Escreve Miller: “ Estamos habituados a pensar que somos um povo emancipado; dizendo que somos democratas, amantes da liberdade, isentos de preconceitos e ódio. Este é o cadinho, a sede de uma grande experiencia humana. Belas palavras, plenas de sentimento nobre e idealista. Na realidade, somos uma populaça activa, cujas paixões são facilmente mobilizadas por demagogos, HOMENS DOS JORNAIS, CHARLATÃES RELIGIOSOS, agitadores e quejandos.

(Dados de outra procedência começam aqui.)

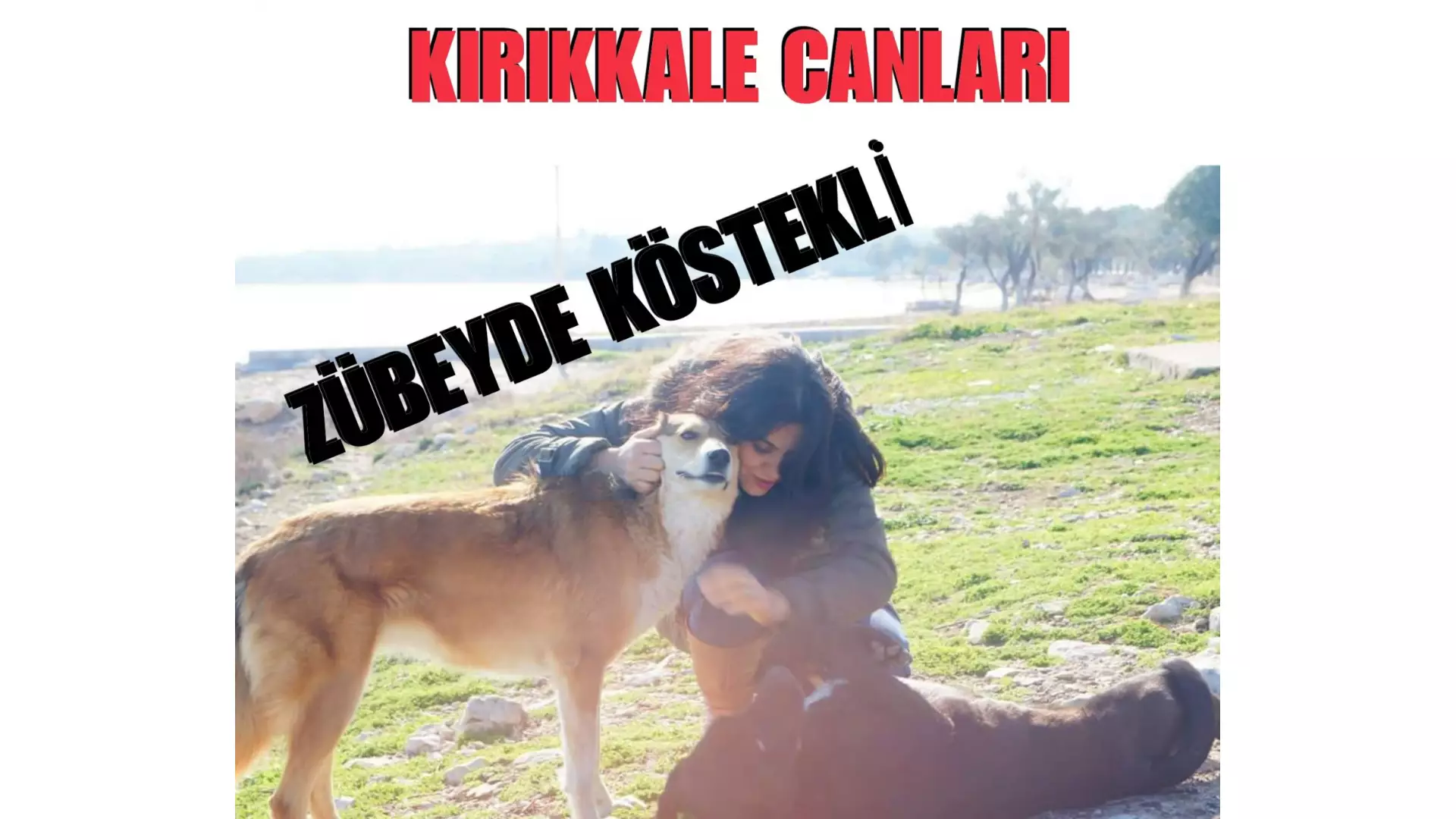 Zübeyde Köstekli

Chamar a isto uma sociedade de pessoas livres é blasfemo.”
 
Eram tempos em que não havia redes sociais (mas havia jornais e charlatães religiosos), e em que os russos eram claramente o inimigo a abater, e não amigos dos movimentos de extrema-direita musculada e autocrática por esse mundo fora.
 
Entendi o fenómeno Trump de imediato, e só tenho que tirar o chapéu que um tipo como ele, 80 anos depois deste texto acima ter sido escrito, certamente com a ajuda de um Luis Paixão Martins americano, ter descoberto a essência da alma dos eleitores americanos, pondo descamisados, deserdados, desempregados, sem-abrigo, latinos, negros, e toda a familia LGBTQ e sabe Deus quem mais a votar nele, por acharem que esse enviado de Deus na Terra é quem lhes vai abrir o caminho do nirvana, e resolver os seus problemas. Quanto ao resto mundo, António Costa incluído, “habituem-se”.

José António de Sousa

Esta publicação é da responsabilidade exclusiva do seu autor.